女、麻薬、拳銃の東南アジアルートに絡む野坂3兄弟を追っていた女刑事・きぬ。母・テルの誕生日には必ず駆けつけるという話を知った彼女は同僚の束田とともにバー・マミーブルーに乗り込んだ。マダムのテルは知らないの一点張りだが、今年に限って花のプレゼントだけ。おまけに刑事がくることを知っているかのように彼らは姿を見せなかった。カメラで店内が監視されていることがわかった上できぬはテルを締め上げ、長男の一彦はインポテンツ、次男の次郎はロリコン、三男の三雄はサディストだと防犯カメラに向かって挑発した。それは三兄弟への宣戦布告だった。同じ頃、オフィスビルのエレベーター内で妊婦が刺殺された。胎児もろともサバイバルナイフで一突きされ腹はえぐられていた。状況は2か月前に起きた事件と酷似していたが、違っていたのはナイフが残されたままになっていることだった。だが柄に血糊がべっとりとついているため指紋は取れなかった。聞き取りを行っているのは第一発見者である若いアベック、そしてその他の4人は会社を辞める被害者のために6階のレストランで送別会を開いた同僚だった。亭主に電話を掛けようとしたところ、公衆電話が塞がっていたため1階に下りたのだ。午後10時40分頃に、看板前に忙しくなるのを見込んで店の裏でタバコを吸っていた板前が犯人らしき人物を目撃していた。その人物が階段を下りて入り口の方へ向かうとエレベーター付近から悲鳴が聞こえたのだが、肩まで髪が長く性別の見分けがつかなかった。斜から見ると女だが、歩き方は男の様だったという。

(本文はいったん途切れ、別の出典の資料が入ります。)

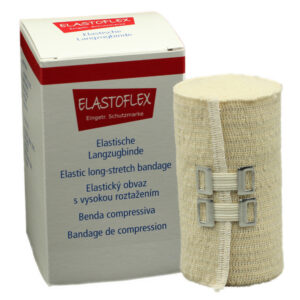 ELASTOFLEX Elastische Langzugbinde 10cm x 5m Natur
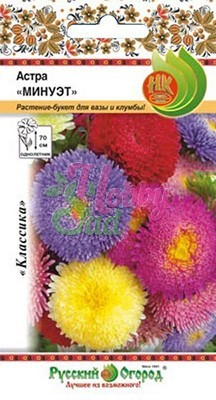 Цветы Астра Минуэт смесь (50 шт) Русский Огород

数日後、ペットショップの店長から犯人らしき人物を牛丼店で見掛けたという証言を得たことから、きぬは店の前で張り込みを行い同僚の束田文夫を店員として内部に潜り込ませた。大勢の人々が交錯する中、彼女の横を直感で犯人だと思う人物が通り過ぎ、振り向くと男が牛丼店に入って行った。だがその男は短髪だった。きぬは自分の勘を信じ、散髪をした可能性があることを考慮した上で束田にサインを送ると食べ終わるのを待った。そして店から出てくると尾行を開始した。一方、束田は指紋採取のために食器を確保した。街並みを通り過ぎ、公園を横切り、やがて高架下に差し掛かるときぬは男たちに襲われた。それは母親を散々いたぶられ復讐に燃える野坂3兄弟だった。ボクサー崩れの次郎から腹にパンチを受けた彼女は意識が薄れゆく中で咄嗟に拳銃を構えた。そこに駆けつけたのはきぬの後を追ってきた束田と同僚の木戸だった。3兄弟のせいで見失ったものの、後日彼が住むマンションを突き止めた。佐山吾郎、20歳。きぬたちは向かいのホテルから彼を日夜監視し続けたが、佐山は殺風景な部屋でただ静かに座っていた。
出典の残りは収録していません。